● **WORK REQUEST**
Everything in the listing below has to be repeated exactly, except the pictures.

● **AVAILABLE DATA**
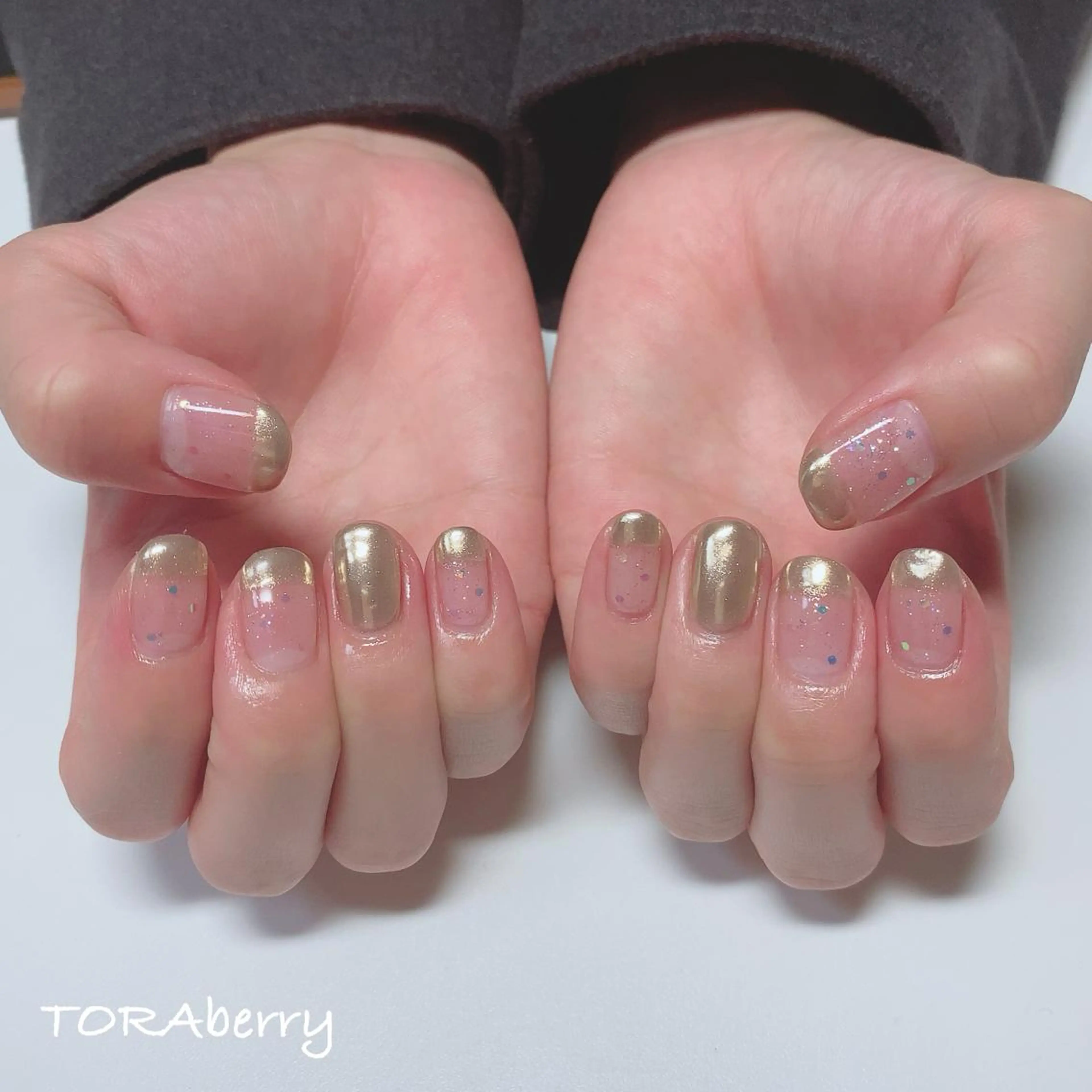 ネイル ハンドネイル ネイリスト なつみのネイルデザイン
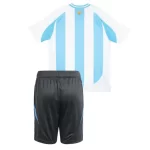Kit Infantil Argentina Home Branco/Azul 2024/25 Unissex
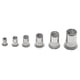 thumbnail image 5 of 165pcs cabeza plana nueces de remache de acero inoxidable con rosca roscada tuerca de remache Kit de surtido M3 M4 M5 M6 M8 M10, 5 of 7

● **ANSWER**
 ネイル ハンドネイル ネイリスト なつみのネイルデザイン
Kit Infantil Argentina Home Branco/Azul 2024/25 Unissex
 thumbnail image 5 of 165pcs cabeza plana nueces de remache de acero inoxidable con rosca roscada tuerca de remache Kit de surtido M3 M4 M5 M6 M8 M10, 5 of 7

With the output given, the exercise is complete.